Image-text web data
-=-=-=-=-
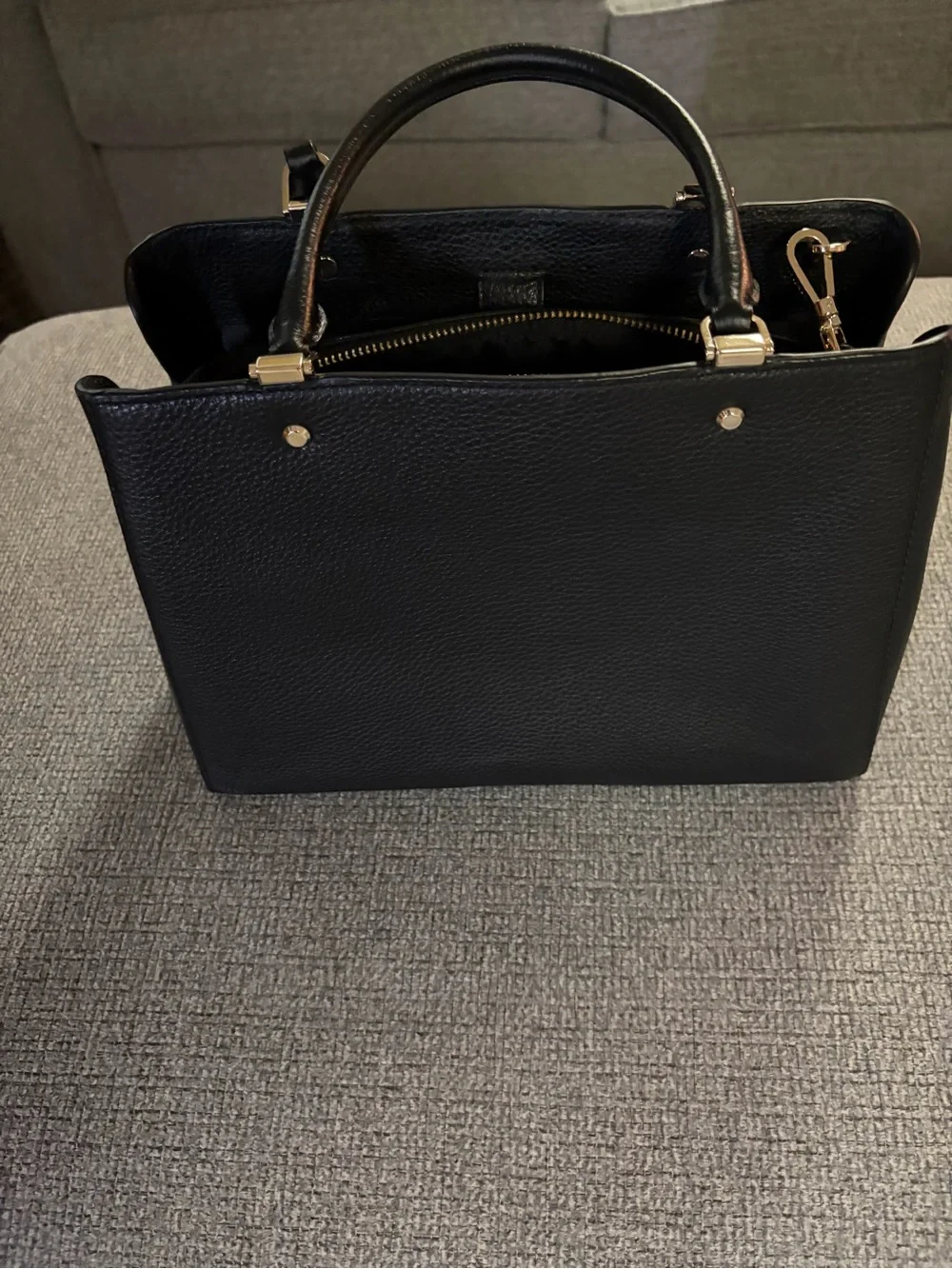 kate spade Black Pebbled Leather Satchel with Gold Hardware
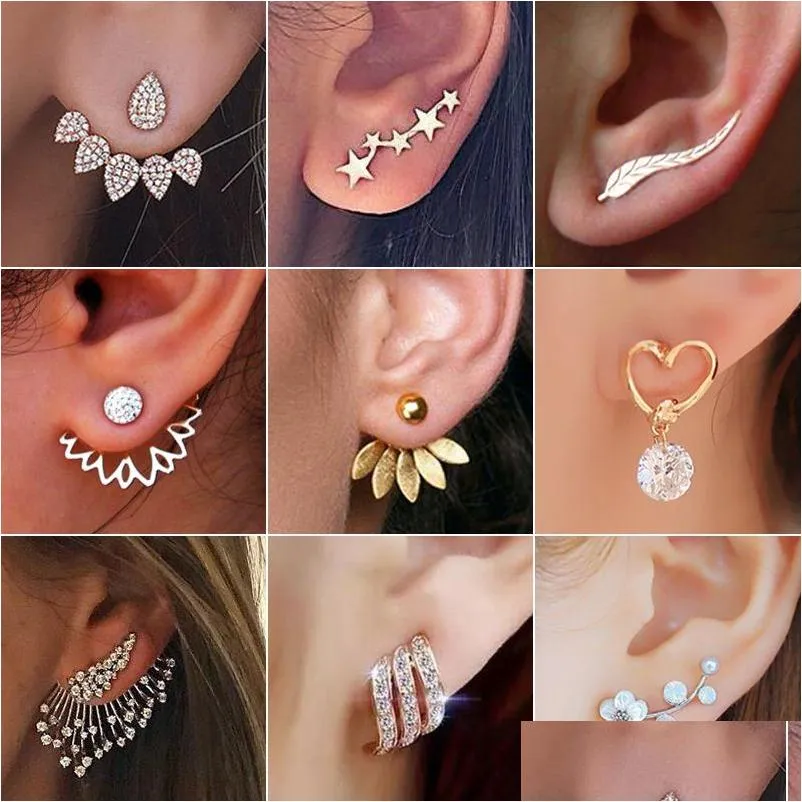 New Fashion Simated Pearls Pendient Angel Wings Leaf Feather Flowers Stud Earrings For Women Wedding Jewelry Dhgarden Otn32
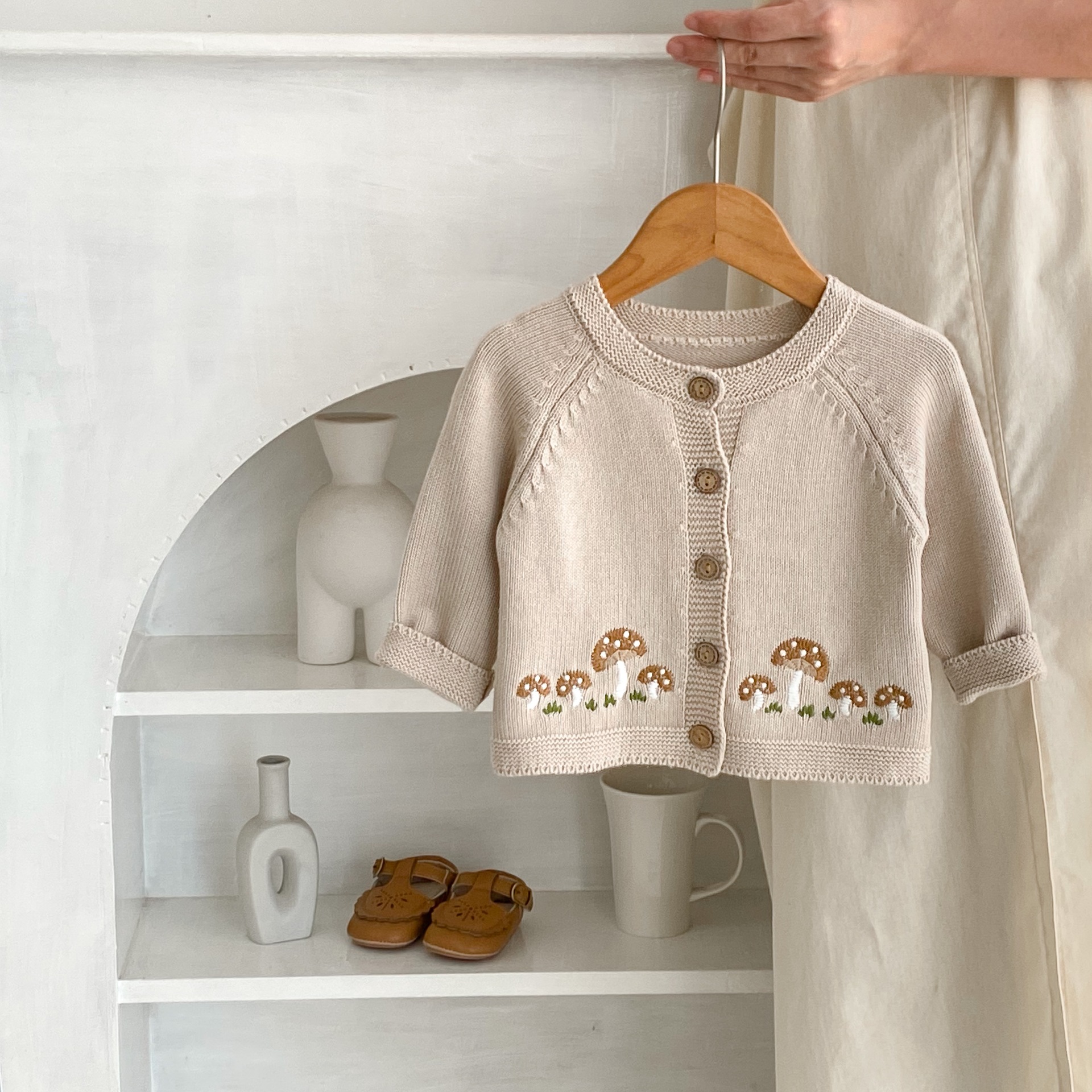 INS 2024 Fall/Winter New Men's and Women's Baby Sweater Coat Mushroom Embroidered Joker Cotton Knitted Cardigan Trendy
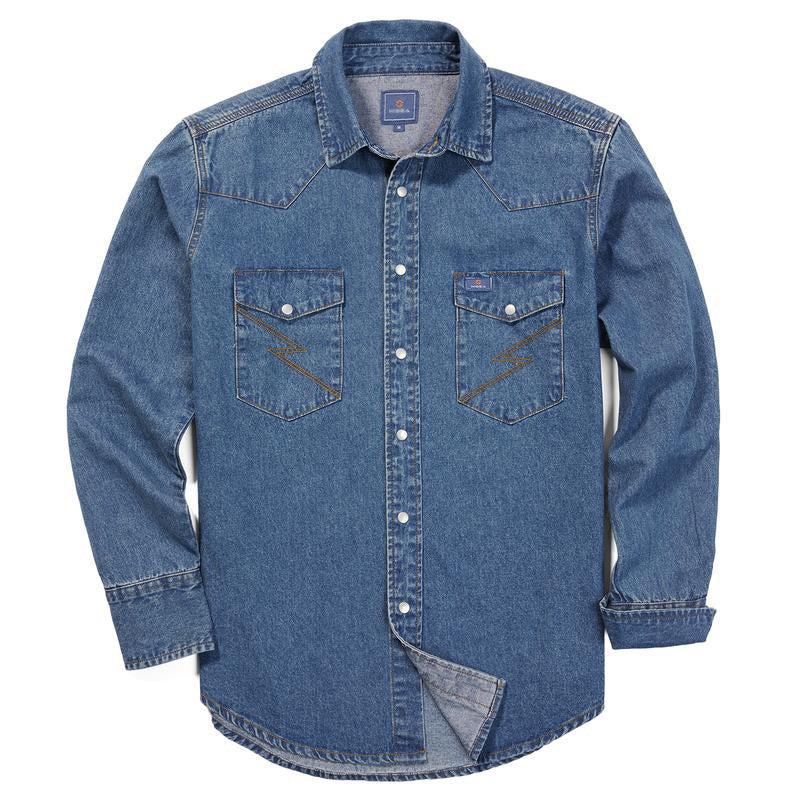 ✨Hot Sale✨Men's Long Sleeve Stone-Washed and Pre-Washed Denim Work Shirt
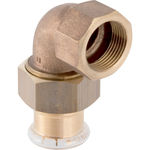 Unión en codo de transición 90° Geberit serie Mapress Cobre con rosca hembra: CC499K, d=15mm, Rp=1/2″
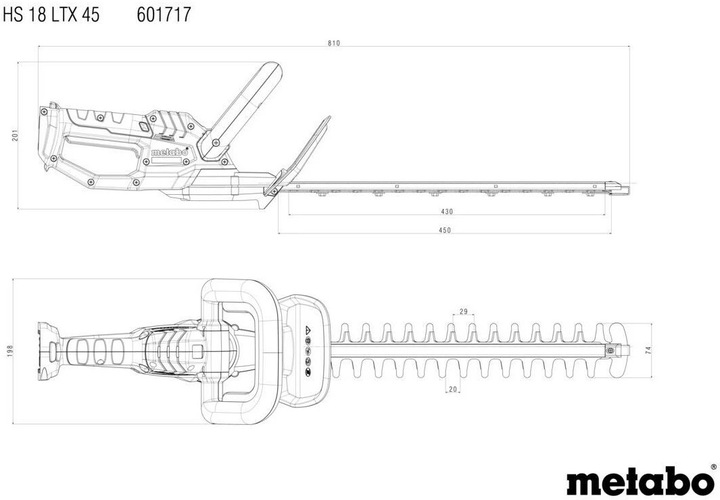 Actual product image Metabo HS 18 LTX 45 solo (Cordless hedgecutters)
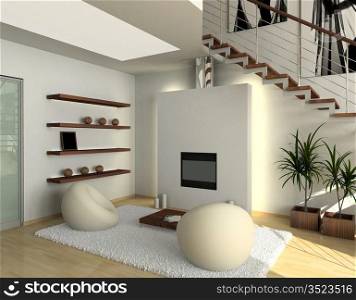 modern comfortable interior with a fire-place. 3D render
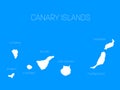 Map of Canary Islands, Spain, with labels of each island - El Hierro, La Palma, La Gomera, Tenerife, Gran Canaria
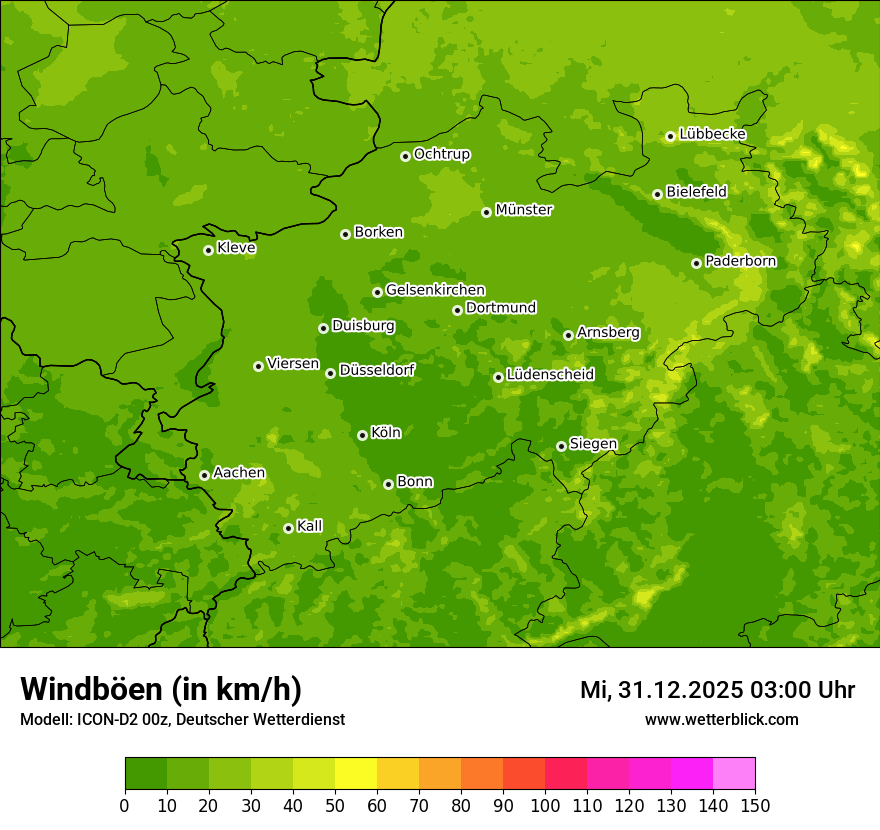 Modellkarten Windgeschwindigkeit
-=-=-=-=-
#### DIRECTIONS
Except for pictures, copy the records above exactly.

#### TASK SOLUTION
 kate spade Black Pebbled Leather Satchel with Gold Hardware
 New Fashion Simated Pearls Pendient Angel Wings Leaf Feather Flowers Stud Earrings For Women Wedding Jewelry Dhgarden Otn32
 INS 2024 Fall/Winter New Men's and Women's Baby Sweater Coat Mushroom Embroidered Joker Cotton Knitted Cardigan Trendy
 ✨Hot Sale✨Men's Long Sleeve Stone-Washed and Pre-Washed Denim Work Shirt
 Unión en codo de transición 90° Geberit serie Mapress Cobre con rosca hembra: CC499K, d=15mm, Rp=1/2″
 Actual product image Metabo HS 18 LTX 45 solo (Cordless hedgecutters)
 modern comfortable interior with a fire-place. 3D render
 Map of Canary Islands, Spain, with labels of each island - El Hierro, La Palma, La Gomera, Tenerife, Gran Canaria
 Modellkarten Windgeschwindigkeit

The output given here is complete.